● **Directions for this task**
In the data, find each line where the word "with" appears and list that line.

(Records excerpted from a collection)
== Segment start ==
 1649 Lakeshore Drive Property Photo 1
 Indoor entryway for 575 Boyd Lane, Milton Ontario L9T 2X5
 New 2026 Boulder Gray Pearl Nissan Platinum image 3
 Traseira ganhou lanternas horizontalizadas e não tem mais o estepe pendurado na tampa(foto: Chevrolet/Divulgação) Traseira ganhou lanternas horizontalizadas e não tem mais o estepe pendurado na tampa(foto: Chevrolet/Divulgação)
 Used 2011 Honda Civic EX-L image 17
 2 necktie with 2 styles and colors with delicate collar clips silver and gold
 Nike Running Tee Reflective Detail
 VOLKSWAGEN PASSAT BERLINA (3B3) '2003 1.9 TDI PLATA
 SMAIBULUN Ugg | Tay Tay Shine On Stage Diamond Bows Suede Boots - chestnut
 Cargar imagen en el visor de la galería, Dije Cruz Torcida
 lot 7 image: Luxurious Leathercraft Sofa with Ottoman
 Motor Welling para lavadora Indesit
== Segment end ==
● **Written answer**
 2 necktie with 2 styles and colors with delicate collar clips silver and gold
 lot 7 image: Luxurious Leathercraft Sofa with Ottoman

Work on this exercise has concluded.